# Oculus Alternative



## Sit55 (6. Februar 2017)

Hallo, mich würde ein Test zu dieser Brille interessieren. 

3 Glasses S1 Virtual Reality 3D Headset Review

Hat schon wer Erfahrung damit?

Danke


----------



## Maximm (12. Februar 2017)

Hallo Sit55,
ich denke das sich zurzeit keine alternative zu Oculus Rift und HTC Vive nicht Lohn, außer du hast bereits eine PS4.


----------



## Sit55 (13. Februar 2017)

Danke für die Antwort, aber die Spezifikationen klingen nicht schlecht. Ein Erfahrungsbericht wäre sehr interessant.
3Glasses S1 Blubur


----------



## Maximm (20. Februar 2017)

Die einzige und günstige alternative zur Oculus und Co. ist eine Smartphone VR Brille.
Für den einstieg sicherlich nicht schlecht, ich habe mit der Samsung Gear VR angefangen.
Hatte vorher bereits die DK2, die Rift war mir aber anfangs zu teuer und mit extrem langen Lieferzeiten damals undenkbar.
Würde dir aber als einstieg erst eine Smartphon VR Brille empfehlen, und auch mal zu sehen wie du mit Motion Sickness klar kommst.
Inzwischen gibt es sehr viele VR Brillen, da muss man erstmals die richtige finden, kann dir aber die Seite empfehlen Virtual Reality: Brillen fur Smartphone & High End★VR-World 2017
Die Rift macht mir jetzt echt viel Spaß, vor allem sind die Oculus Touch Controller ein Traum.


----------



## Sit55 (23. Februar 2017)

Mir sind die gängigen alternativen bekannt.
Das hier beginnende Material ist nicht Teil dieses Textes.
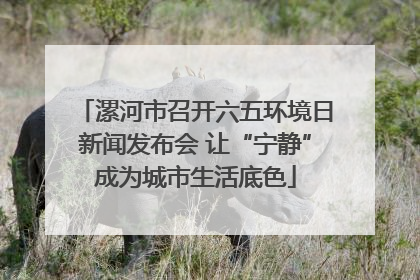 漯河市召开六五环境日新闻发布会 让“宁静”成为城市生活底色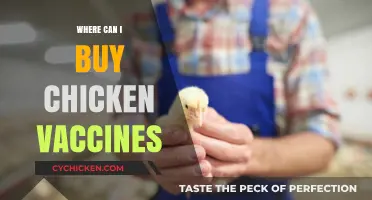 Where to Buy Chicken Vaccines: A Comprehensive Guide for Poultry Owners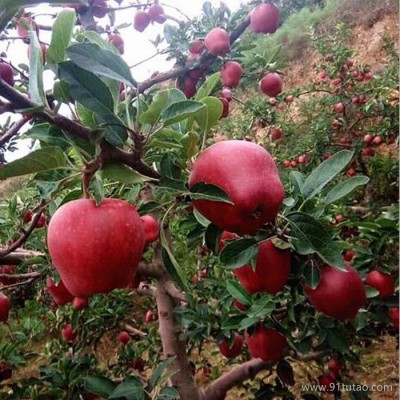 饶阳恒发 代购批发 红苹果 新鲜水果  苹果  花牛苹果 花牛 品种齐全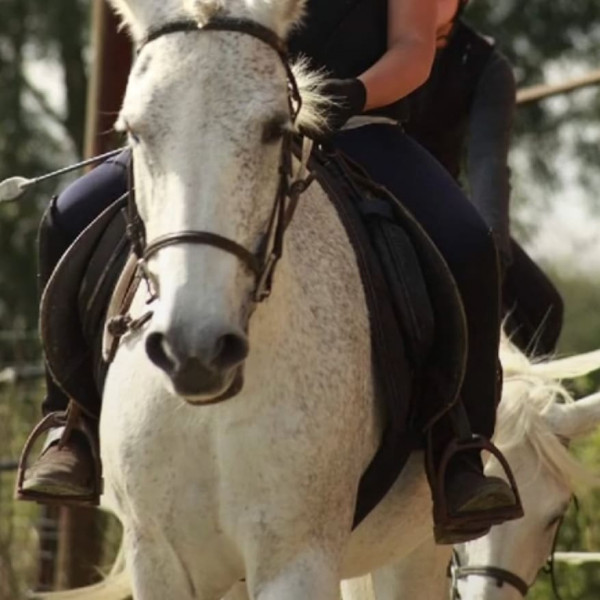 Photo de profil de ema1212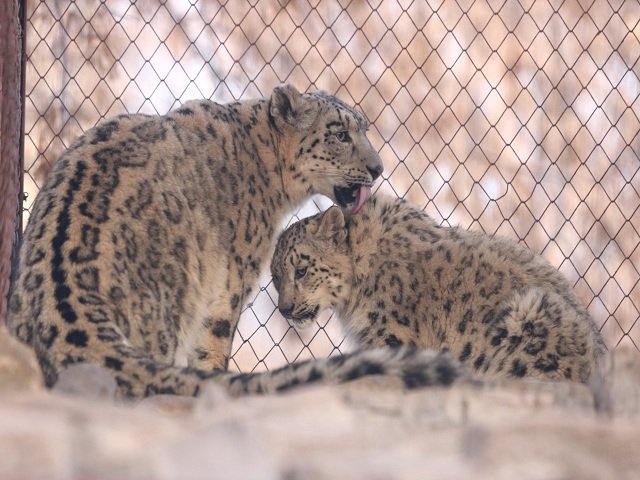 В Крыму умерла барсиха, родившаяся в пермском зоопарке
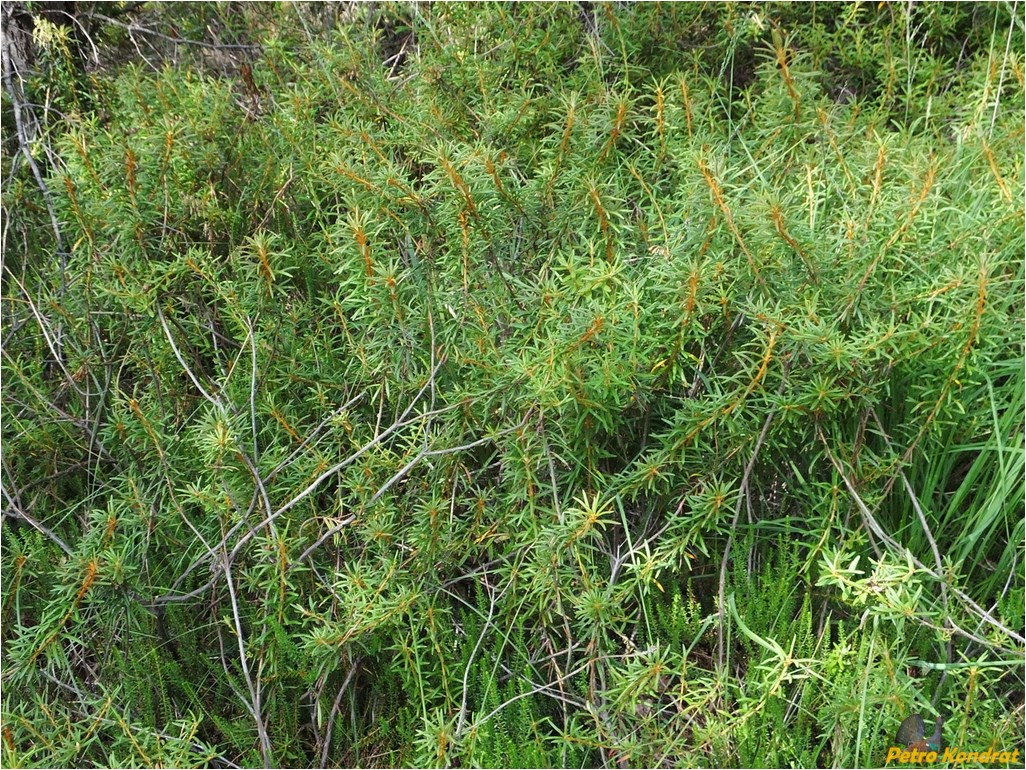 Image of Ledum palustre specimen.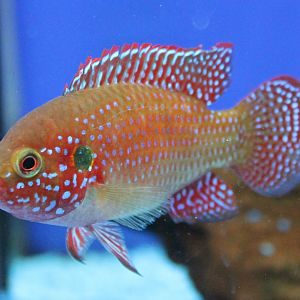 Hemichromis lifalili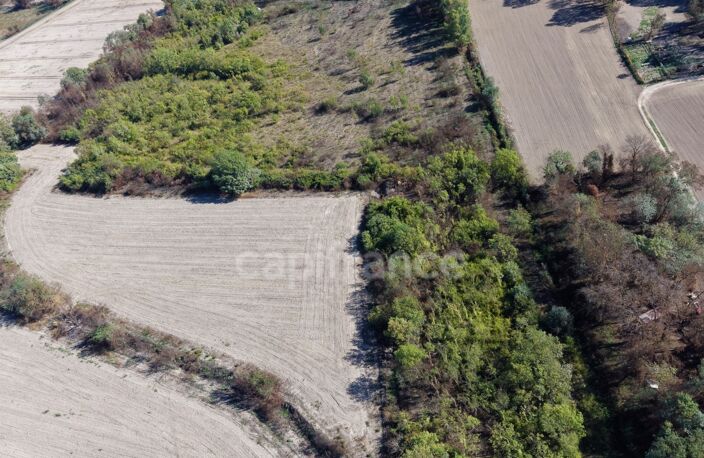 Terrains agricoles 3 hectares — photo 5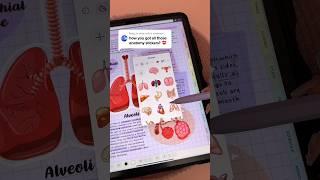 iPad note taking  iPadOS 17 stickers | aesthetic digital notes | goodnotes study notes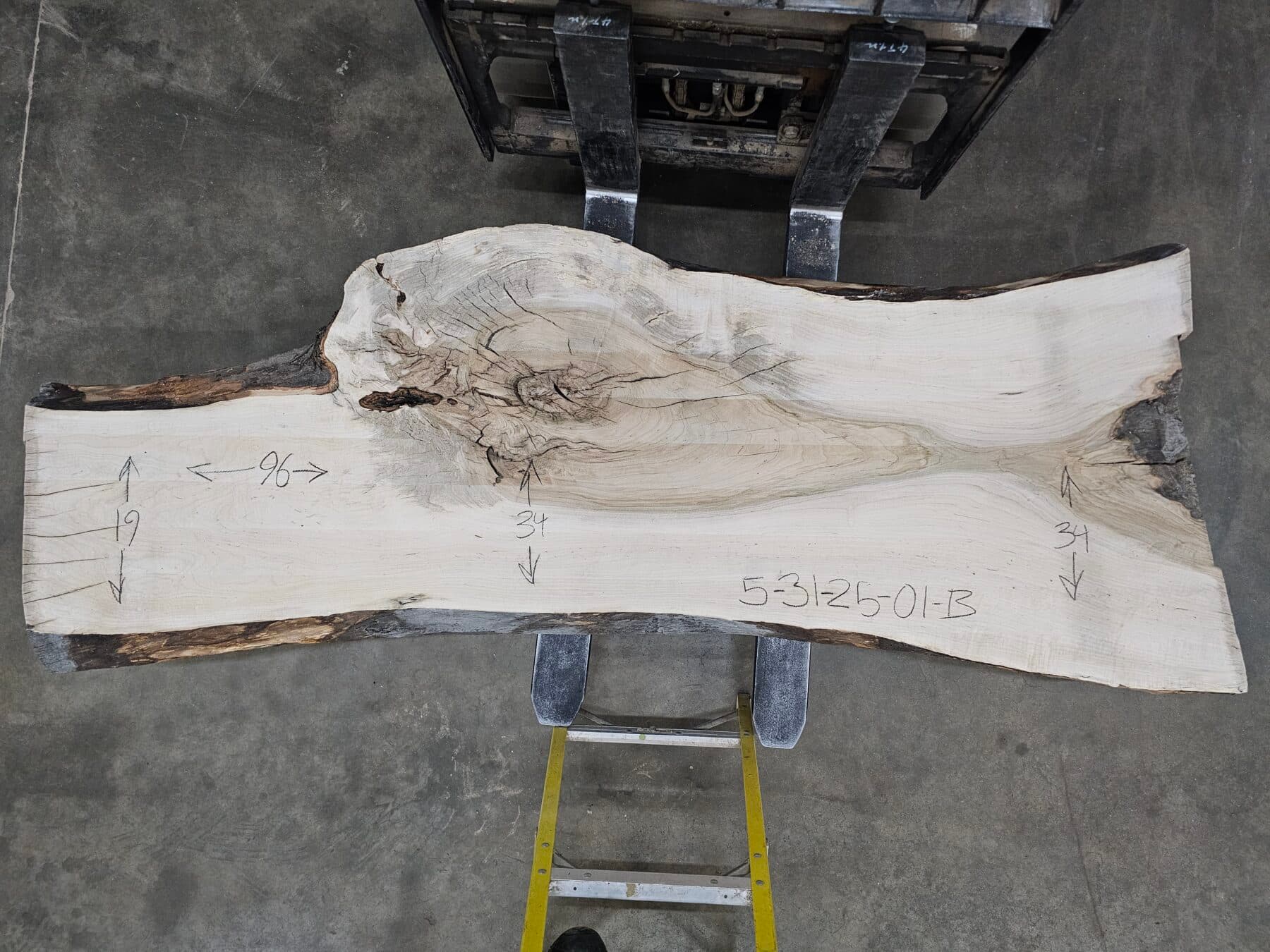 Silver Maple Natural Edge Slab #5-31-25-01 - thumbnail 2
Wäre halt nur interessant, die Alternativen abseits des mainstreams auch zu kennen. zumal die 2k auflösung der S1 Bulbur der vr-technologie sicher gut täte.


----------



## enta (8. März 2017)

Es gibt diverse Brillen die mit super tollen Eckdaten glänzen wie 4k/8k Auflösung etc.
In den Tests machen die aber bisher alle schlapp.
Schlechtes Tracking, billige lcd screen die schlieren ziehen wie doof, zu kleiner Blickwinkel etc.

Ich bin da regelmäßig am schauen, da ich rift und vive echt feier, aber lieber erst zuschlagen würde, wenn
die nächste gen mit besserer Auflösung um die Ecke kommt.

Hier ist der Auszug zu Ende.